Kedermawanan yang ada pada beliau tumbuh dan berkembang sejak beliau masih muda karena hal tersebut sudah ditanamkam oleh abah (ayah) dan kakeknya sebagaimana kisah-kisah sebelumya sehingga beliau tumbuh dan berkembang mempunyai jiwa sosial terutama memiliki kepedulian kepada para fakir-miskin dan anak yatim. Bentuk kepedulian terhadap mereka diantaranya adalah bahwa kebiasaan beliau membagikan hadiah pakaian hari raya, beras dan kebutuhan sehari-hari, membagikan daging kurban kepada para tetangga pondok, famili beliau yang tidak mampu, serta kepada orang-orang yang datang minta bantuan, mulai pengobatan sampai pada biaya sekolah anak-anak mereka kepada orang yang tak mampu. Juga khitanan masal yang sering beliau adakan.

Pernah suatu saat, datang tamu dari jawa tengah dan kebetulan yang menemani dan melayani beliau pada saat itu Ustadz As’ad. Ketika tamunya pamit untuk pulang beliau bersalaman sambil memberikan amplop berisi uang sebagai hadiah. Dari ikhlasnya beliau amplop tersebut dikasihkan/dihadiahkan ke Ustadz As’ad tanpa melihat jumlah uang di amplop tersebut.

Begitu juga bila ada seorang santri yang akan pulang, beliau sering memberi uang untuk ongkos pulang.

Ikhlas

Sebagaimana sering diungkapkan oleh beliau dalam menasehati para santri dan para guru agar senantiasa menata niat dalam setiap tindakan dan amal yang akan dilakukan. Hal ini merupakan cerminan dari kepribadian beliau yang senantiasa menjadikan keikhlasan sebagai pondasi dari setiap amaliah yang beliau laksanakan, termasuk pendirian pondok. Sebagai sebuah bukti dari keikhlasan beliau ketika ada guru-guru yang mengusulkan agar membuat papan nama pondok di tepi jalan beliau tidak langsung mengabulkan permintaan tersebut. Namun karena beberapa kali guru-guru tetap mengusulkan dengan alasan banyak wali santri yang tidak tahu lokasi pondok dan sering kesasar dan bingung mencari alamat pondok, baru tersebut dikabulkan tiga tahun sebelum beliau wafat.
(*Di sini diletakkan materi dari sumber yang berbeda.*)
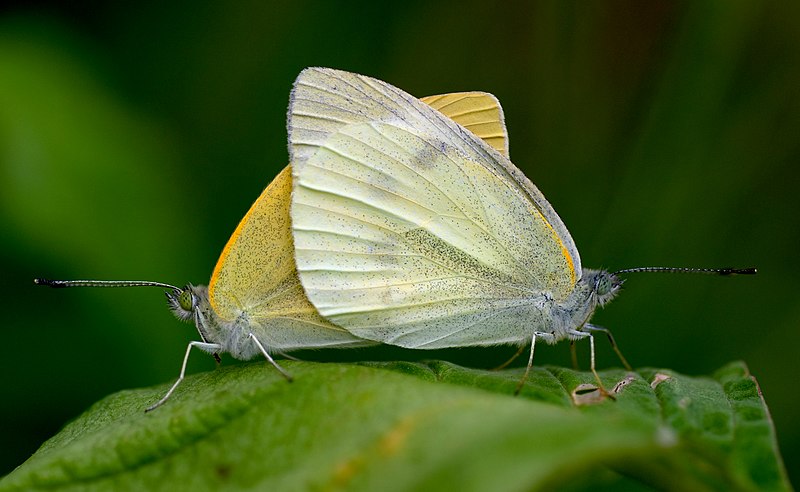 File:Pieris rapae which copulates 0928.jpg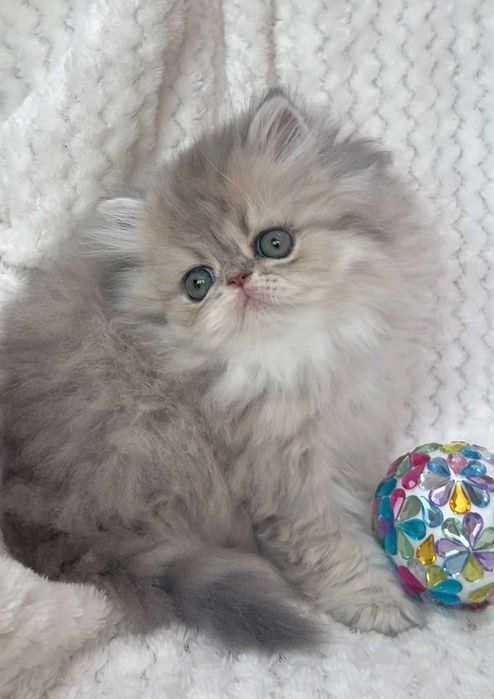 pisica persana chinchilla cu pedigree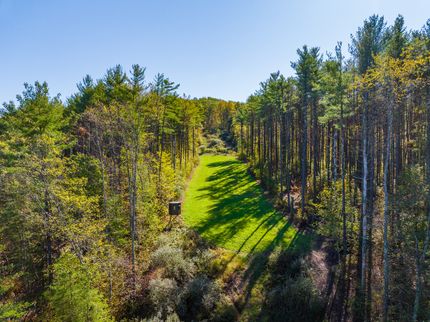 Undeveloped Land for sale in Harrison County, Ohio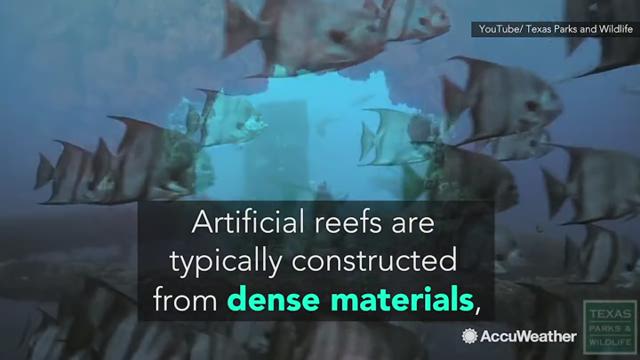 An artificial reef is a human-made structure that may mimic some of the characteristics of a natural reef. Planned artificial reefs can have numerous social and environmental benefits.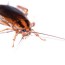 pest control for roaches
Demikian pula beliau dalam rekrutmen/seleksi guru-guru, maka yang pertama kali dilihat adalah keikhlasannya. Para guru baru yang mau mengajar di pondok, diuji tingkat keikhlasannya, bahkan beliau tidak memperhatikan selama satu tahun. Karena beliau berpendapat bahwa apabila gurunya tidak ikhlas akan menularkan ilmu yang tidak ikhlas pula.

Tawadlu’

Adapun cerita tentang ketawaddu’an sang Murobbi Al Ustad Hasan Baharun maka bagaikan sumur yang tidak akan surut walaupun ditimba setiap hari,setiap santri yang pernah hidup bersama beliau pasti punya cerita tersendiri.saya akan menceritakan beberapa diantaranya.

Yang umum dan diketahui oleh semua santri adalah bahwa beliau selalu menyediakan waktu untuk makan bersama anak santri baik itu makan siang maupun malam hari,beliau duduk dilantai bersama santri makan dengan nasi dan lauk yang sama, sama sekali tidak ada perbedaan, walaupun tetap anak-anak akan menjaga adab dan sopan santun kepada beliau.

Walaupun beliau sebagai ulama besar yang dihormati dan disegani, baik di dalam maupun di luar negeri, dan kebesaran beliau diakui oleh Sayyid Muhammad sehingga pada saat beliau datang ke Mekkah di majlis ta’lim Sayyid Muhammad diberikan kesempatan untuk memberikan sambutan / taujihat pada jamaah haji dan para ulama sedunia yang berkumpul di majlis tersebut, dan juga dalam acara haul Nabiyullah Nuh AS di Yaman beliau senantiasa mengelak ketika diminta untuk memberikan sambutan, tetapi pada kunjungan yang terakhir beliau mau memberikan sambutan namun tetap dengan sikap tawadlu’ beliau mengatakan bahwa tidak bermaksud memberikan nasehat kepada yang hadir yang kebanyakan terdiri dari para ulama dan auliya’, tetapi nasehat tersebut ditujukan untuk santri-santri beliau yang belajar di sana.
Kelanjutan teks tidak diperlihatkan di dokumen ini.